Soil erosion and its related runoff is a serious problem in U.S. agriculture. The USDA has classified 33% of U.S. agricultural land as being highly erodible (Figure 1). The USDA-NRCS has developed initiatives to address this problem. These include the Biennial National Crop Residue Management Survey which estimates acreage by tillage practice, the Environmental Quality Incentives Program (EQUIP) which encourages and rewards conservation tillage, and the Conservation Security Program (CSP) which also encourages and rewards conservation tillage. All of these programs depend, directly or indirectly, on being able to determine the crop residue cover percentage, which implies the tillage practice, for a field. The methods include windshield surveys, line transects and photo-comparison.

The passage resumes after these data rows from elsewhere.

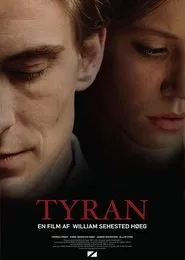 Tyran movie poster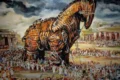 Il cavallo di Troia: la leggenda dell’inganno che conquistò una città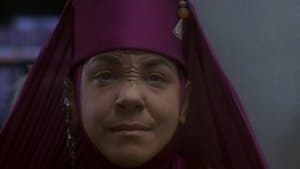 Derrière les lignes ennemies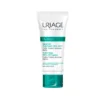 Uriage Hyseac Gentle Peel Off Mask 50ml - Deep Cleansing, Mattifying & Pore Minimizing Face Mask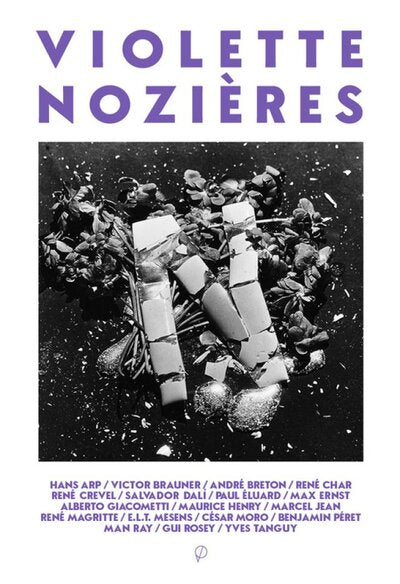 VIOLETTE NOZIERES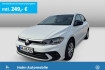 Volkswagen Polo Goal goal 1 0tsi 116 ps 7 gang dsg kamera navi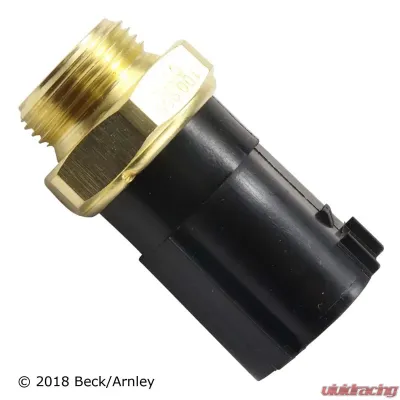 Beck/Arnley Engine Cooling Fan Switch 201-1777 - 201-1777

Figure 1. Distribution of highly erodible cropland in the U.S.

Five counties in two states were selected as the study area. This represented corn, soybeans and winter wheat crops over a variety of soil types and growing conditions. The counties in the study sites were suggested by NRCS. In addition, NRCS and state personnel in these counties agreed to assist ITD in conducting the ground truth sampling. As shown in Figure 2, these sites include Scott and Rice Counties in Kansas; and Wabash, Huntington, and Grant Counties in Indiana.

Kansas contains a large number of acres of highly erodible cropland, while Indiana has a significant variation in the amount of crop residue coverage within its agricultural lands. The sites contain approximately 1500 fields.


Figure 2. Crop Residue Project study sites

The overall goal of this project was to demonstrate that remotely sensed imagery can estimate crop residue cover fractions over different tillage practices, soil types, and crops.

The results indicate that imagery has a greater ability to identify residue within corn fields than within soybean fields. The biomass produced by corn is substantially larger than that produced by soybeans, thus greater amounts of residue remain in the field after the crop is harvested. Overall, the greater amount of crop residue likely yields a stronger response in the SWIR bands. In addition, the substantially lower amount of biomass produced by soybeans likely contributes to more soil spectra being recorded by the sensors resulting in confounding of the cellulose-lignin detection.